Kemudian, Jenderal TNI Sumitro menggantikan Maraden Panggabean dan menjabat dari 1973-1974.
Lalu, secara berturut-turut diemban oleh Jenderal TNI Surono Reksodimedjo (1974-1978) dan Laksamana TNI Sudomo (1978-1983).
Namun, jabatan tersebut kembali kosong selama 16 tahun dan kembali aktif pada tahun 1999 dan dijabat oleh Laksamana TNI Widodo Adi Sutjipto dan dilanjutkan oleh Jenderal TNI Fachrul Razi hingga tahun 2000.

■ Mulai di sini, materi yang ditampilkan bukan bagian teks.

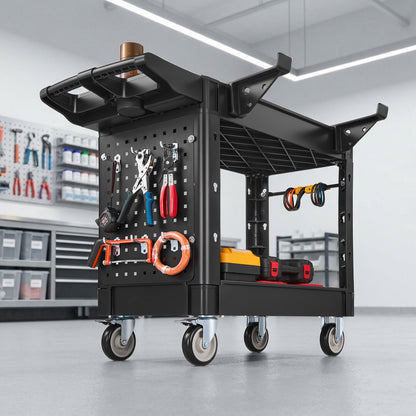 VEVOR Utility Cart, 550 lbs Capacity, 2 Tier Service Cart with 360° Swivel & Fixed Wheels (2 with Brakes), Heavy Duty Plastic Rolling with Tray and Pegboard, Tool Storage for Garage Warehouse Workshop - DXFSSYTCDXAMB0YQL001V0 - view 9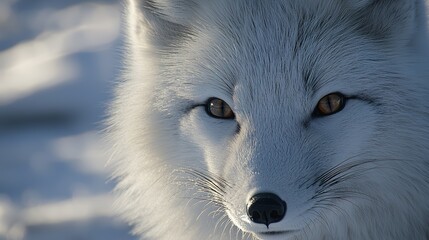 Naklejka premium Captivating arctic fox in high-resolution fur texture snowy landscape wildlife photography close-up view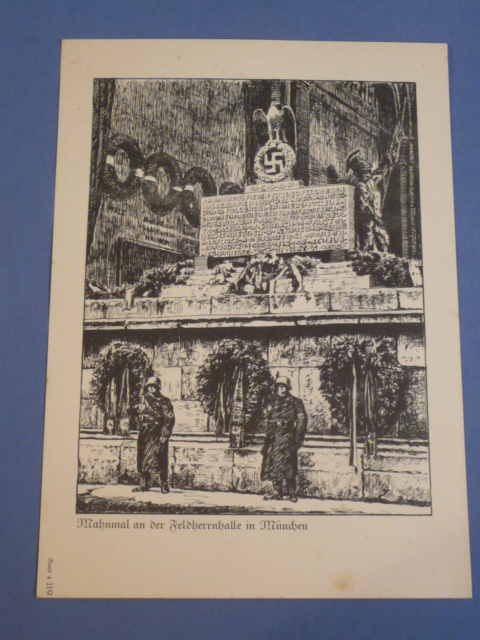Original Nazi Era German Memorial at the Feldherrnhalle Print, Mahnmal an der Feldherrnhalle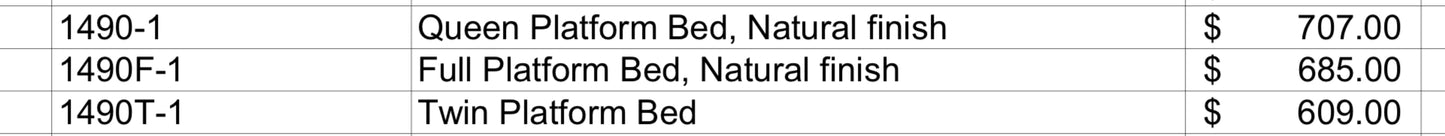 Model 1490 Twin/Full/Queen Bed California Stocks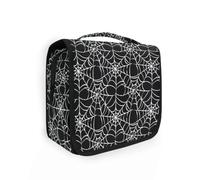 Beauty case da viaggio da appendere con motivo ragnatela, organizer per cosmetici, per uomini e donne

Hanya saja, di era kepemimpinan Presiden ke-4 RI, Abdurrahman Wahid atau Gus Dur, jabatan ini resmi dihapus lewat Keputusan Presiden (Keppres) Nomor 65/TNI/2000 tertanggal 20 September 2000.
Berdasarkan pemberitaan Harian Kompas pada 21 September 2000, penghapusan Wakil Panglima TNI karena Gus Dur ingin adanya perampingan di jajaran Sapta Marga.
Dengan terbitnya Keppres tersebut, Fachrul Razi pun diberhentikan dengan hormat dari jabatannya.
Sempat vakum selama 19 tahun, Jokowi akhirnya menghidupkan kembali jabatan Wakil Panglima TNI lewat Perpres Nomor 66 Tahun 2019.
Namun, pengisian jabatan Wakil Panglima TNI saat itu terganjal belum adanya jenderal bintang empat untuk mengembannya.
Pasalnya, memang jabatan tersebut harus diemban oleh jenderal dengan bintang penuh berdasarkan Perpres yang ditandatangani.
Alasan Baru Dihidupkan Kembali di Era Prabowo
Implementasi Perpres yang diteken Jokowi pun baru terlaksana di era kepemimpinan Presiden Prabowo Subianto lewat pelantikan Tandyo Budi Revita hari ini.
Menurut Kepala Center for Intermestic and Diplomatic Engagement (CIDE) Anton Aliabbas, ada tiga faktor yang mendorong jabatan ini dihidupkan kembali.
Pertama, revisi UU TNI semakin membuat tugas Panglima TNI semakin kompleks. Sehingga Anton menganggap peran Kepala Staf Umum (Kasum) TNI belum cukup untuk mengimbangi beban tersebut.
Kedua, Anton menilai adanya problem kesetaraan di birokrasi yang diakibatkan oleh keterlibatan TNI dalam operasi militer selain perang (OMSP) dan adanya kerja sama lintas kementerian/lembaga (K/L).
"Selama ini, jenderal penuh hanya dipegang oleh Panglima TNI dan Kepala Staf Angkatan. Sedangkan Kasum TNI masih dijabat perwira tinggi bintang tiga," ujarnya pada Jumat (8/8/2025).
Terakhir, adanya penyesuaian soal terbitnya Perpres Nomor 85 Tahun 2025 tentang Kementeiran Pertahanan.
Menurut Anton, terbitnya aturan baru tersebut membuat Panglima TNI memerlukan 'pembantu' dalam pelaksanaan tugas harian.
"Keberadaan ketentuan baru ini sedikit banyak mengubah ruang lingkup dan pola hubungan Kementerian Pertahanan-TNI terkait pengelolaan pertahanan negara," ujarnya.